Общество использует фальшивую и извращенную логику, чтобы подмять под себя и перевоспитать людей, поведение которых не соответствует его стандартам. Предположим, что я знаю все «за» и «против», знаю, что меня ожидает низкая продолжительность жизни, нахожусь при этом в здравом уме и рассудке и т. д. и т. п., и всё же сознательно продолжаю употреблять героин? Они мне этого просто не позволят; ведь то, что я отверг жизнь, предложенную ими, они воспринимают как намек на то, что сами сделали неверный выбор. Выбери нас. Выбери жизнь. Выбери ипотечные платежи и стиральные машины, выбери новые автомобили, выбери сидение на софе, уставившись в экран, на котором показывают отупляющие сознание и вредные для души игровые шоу, выбери бездумно засовываемую в рот псевдопищу. Выбери смерть в собственной постели по уши в дерьме и моче под присмотром ненавидящих тебя эгоистичных, бестолковых ублюдков, которых ты породил на свет. Выбери жизнь.

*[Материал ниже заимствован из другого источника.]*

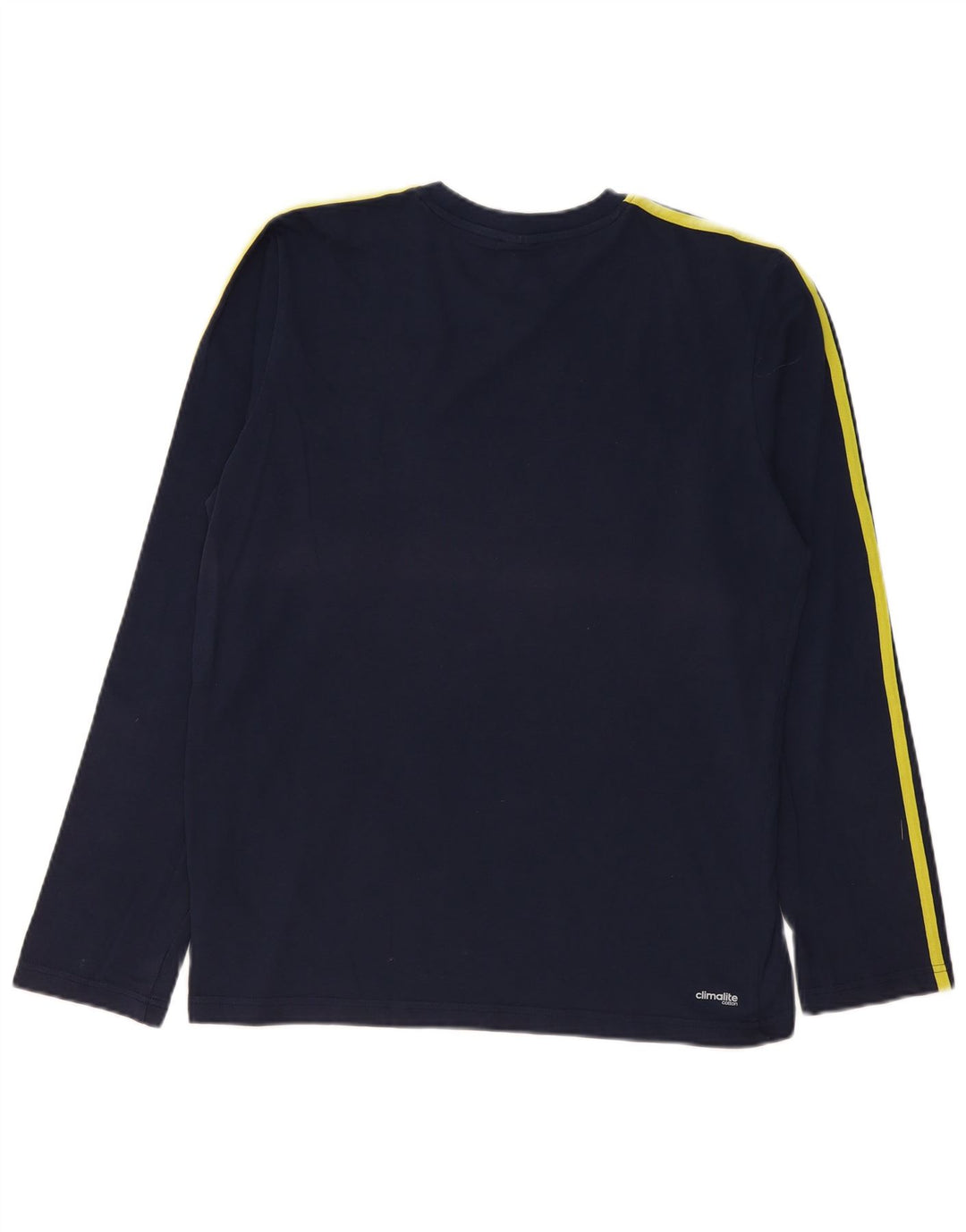 Adidas Mens Climalite Graphic Top Manga Larga Medio Azul Marino Algodón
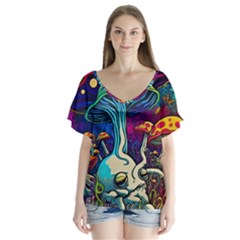 Mushrooms Fungi Psychedelic V-neck Flutter Sleeve Top by Ndabl3x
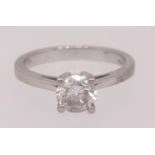 A diamond solitaire ring set in platinum, the round brilliant diamond approx 0.50cts, clarity VS1,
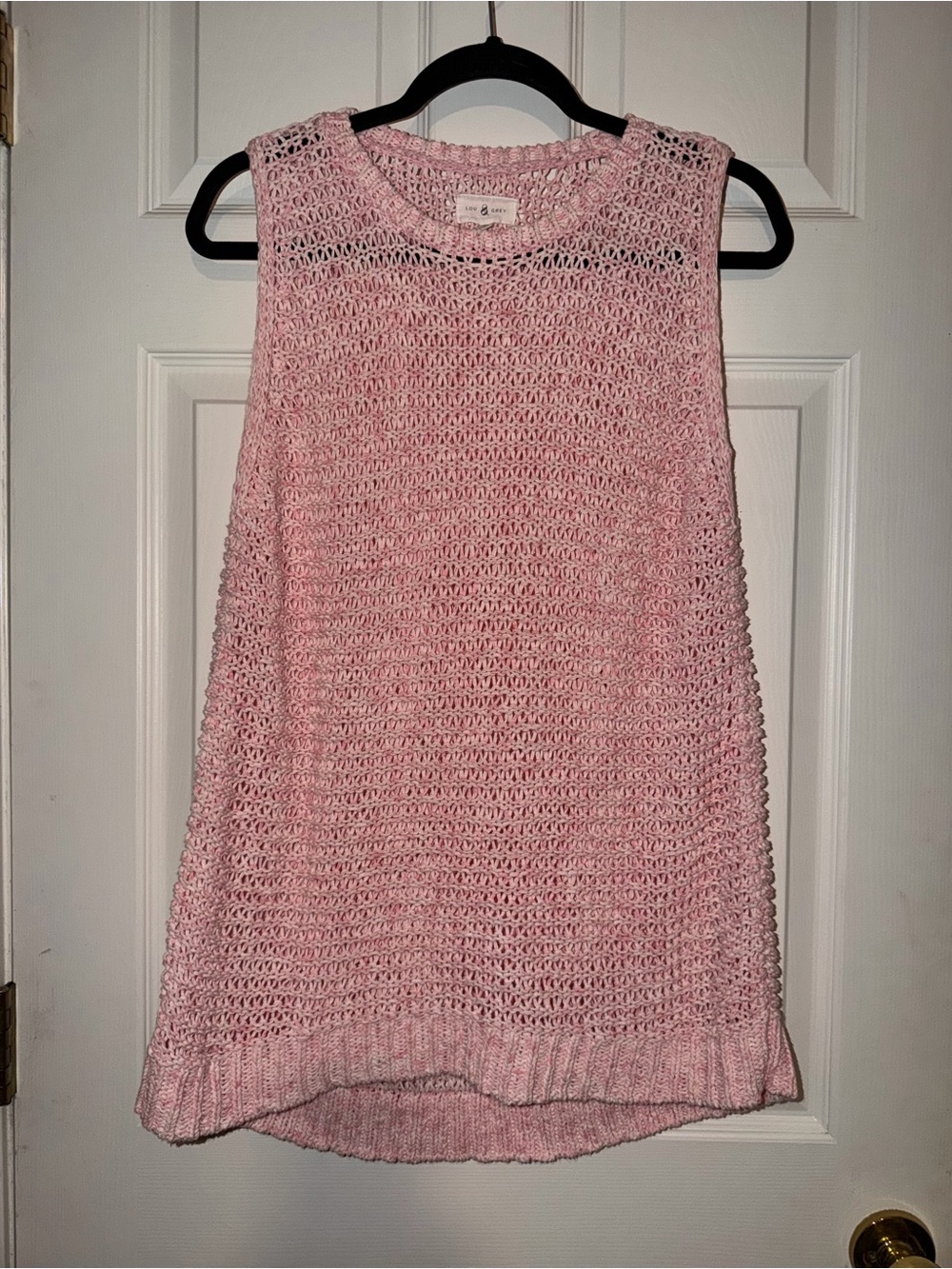 Lou & Grey Dusty Pink Open-Knit Sleeveless Tank Tunic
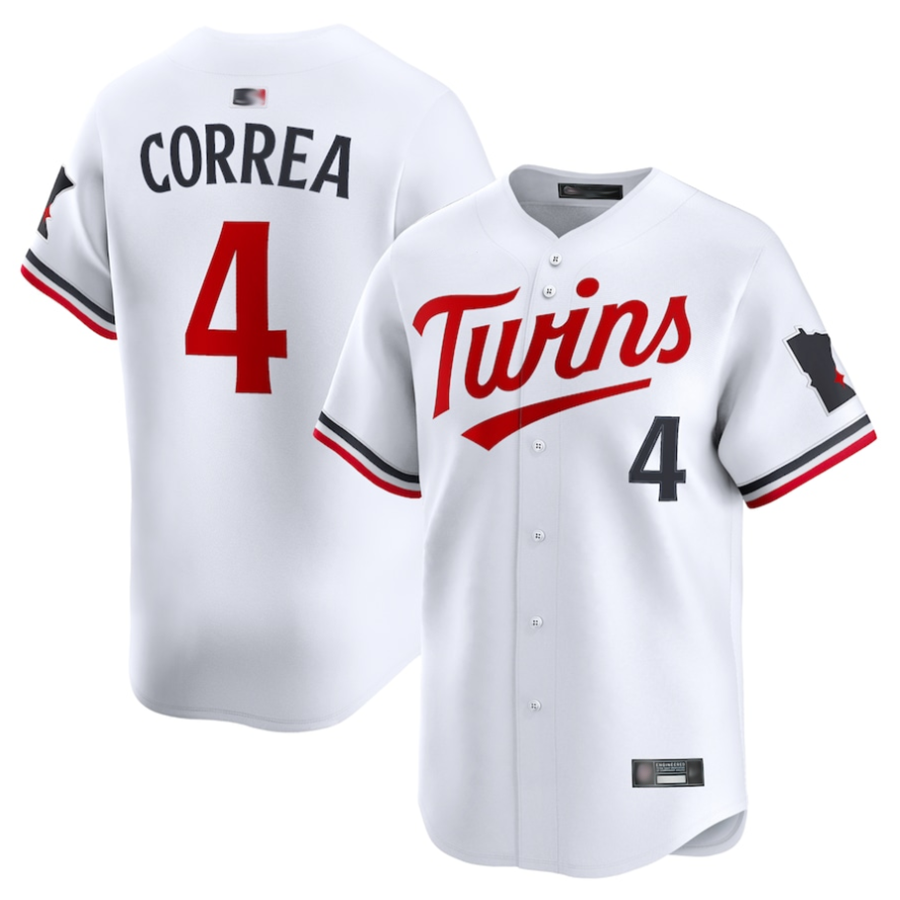 Custom #4 White MIN Baseball Shirt Top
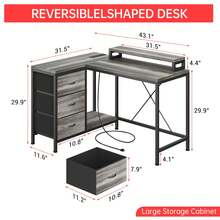 Mesa Esquinera en Forma de L con Tomas de Corriente y Luces LED | Estación de Trabajo Ergonómica para Oficina en Casa - Gris - Ver 2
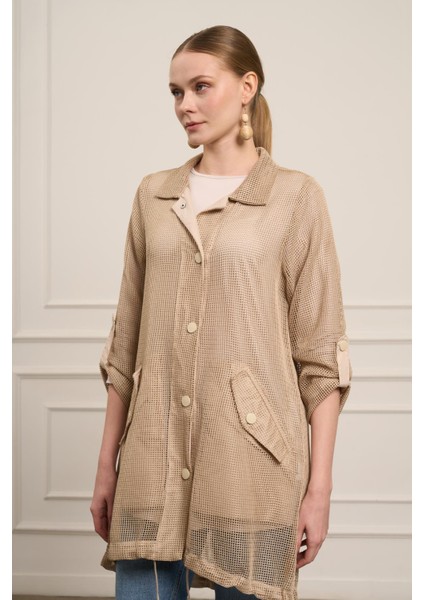 Ftz Kadın File Detay Kap Beige 31084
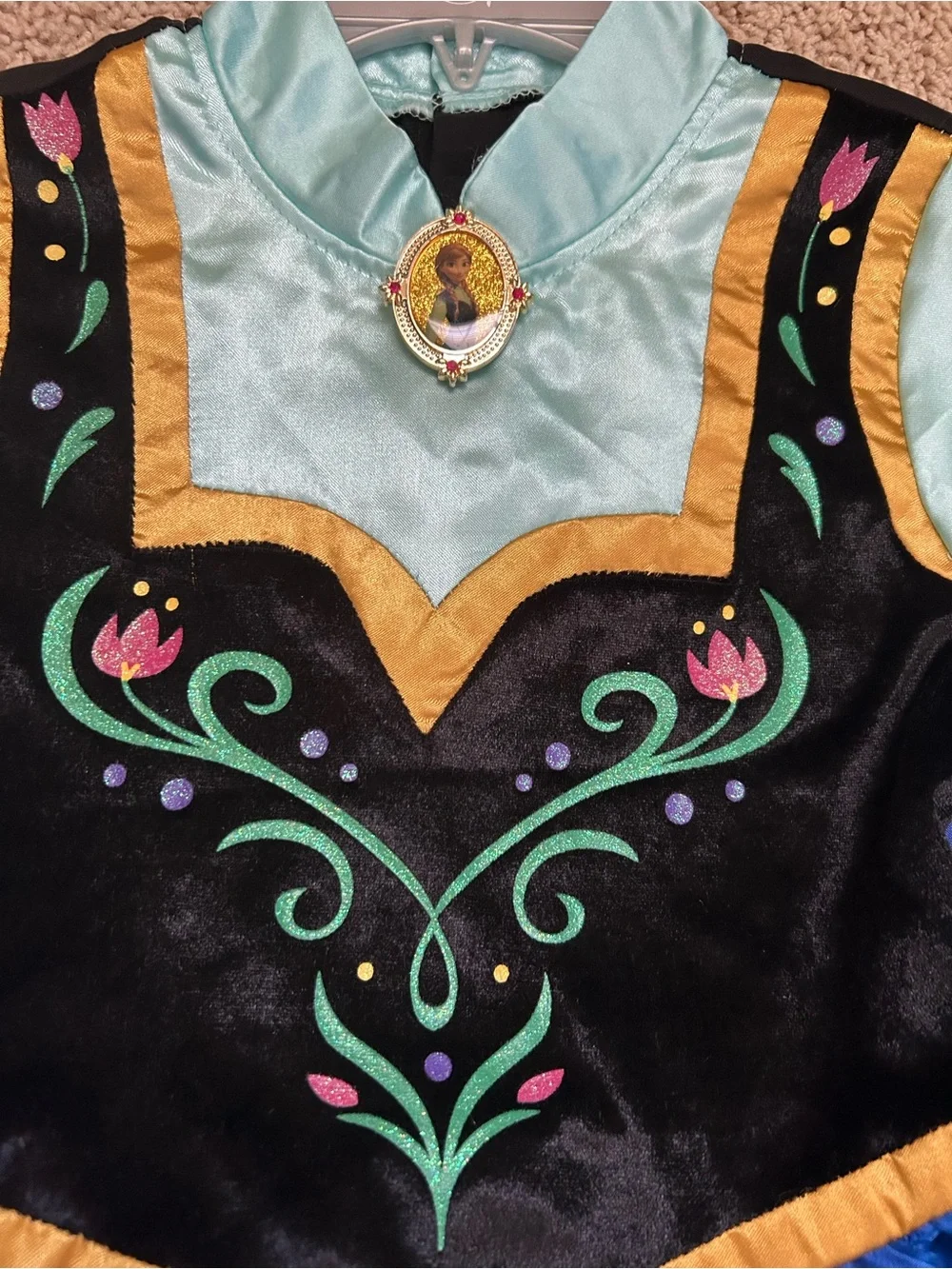 Disney Store Frozen Anna Coronation Costume Dress Size 7/8 Shoes 2/3 Crown Wand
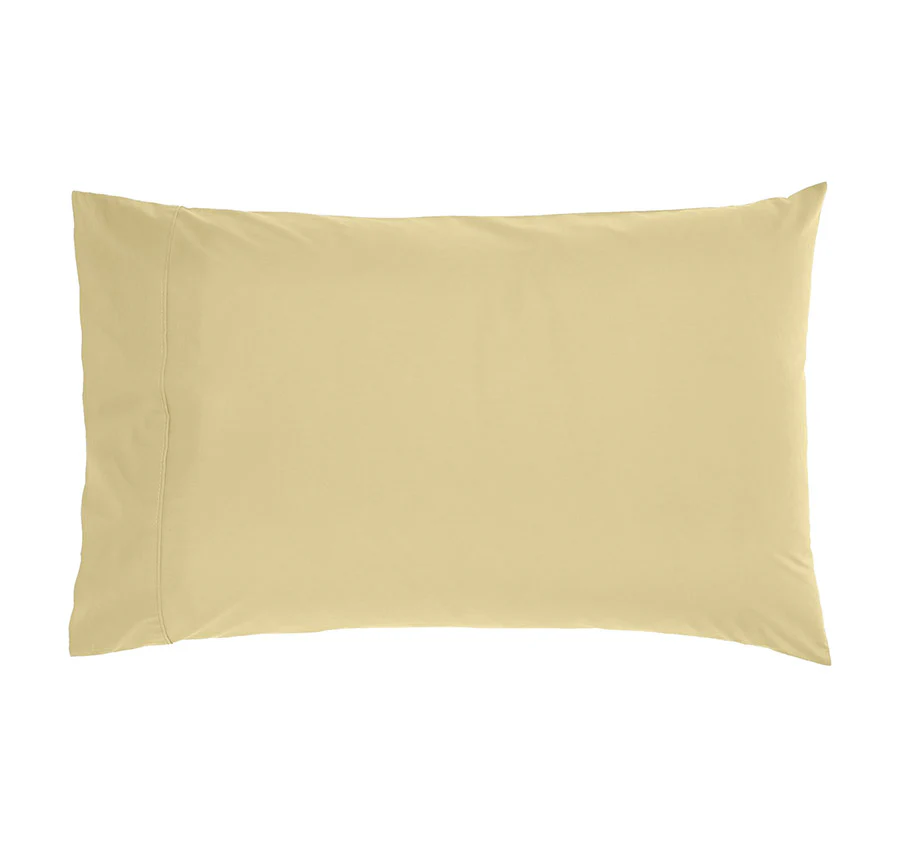 Drift Stonewashed Cotton Standard Pillowcase Pair Lemon Yellow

Я не стал выбирать жизнь. Если мой выбор кому-то не нравится, то это их проблемы. Как говорит Гарри Лаудер, эту дорогу я намереваюсь пройти от и до.
Домашний арест
Мне знакома эта кровать, а вернее — стена напротив. Пэдди Стэнтон, украшенный бакенбардами в духе семидесятых, взирает с неё на меня. Рядом с ним сидит Игги Поп, который разбивает гвоздодёром лежащую перед ним стопку пластинок. Моя старая спальня в родительском доме. Моя голова раскалывается в попытках понять, как я сюда попал. По-моему, я был в гостях у Джонни Свона, а затем мне стало так плохо, что я думал, что умру. И тут я всё вспоминаю, как Свонни и Элисон сносили меня по лестнице вниз, как посадили в такси и отправили в больницу «Скорой помощи».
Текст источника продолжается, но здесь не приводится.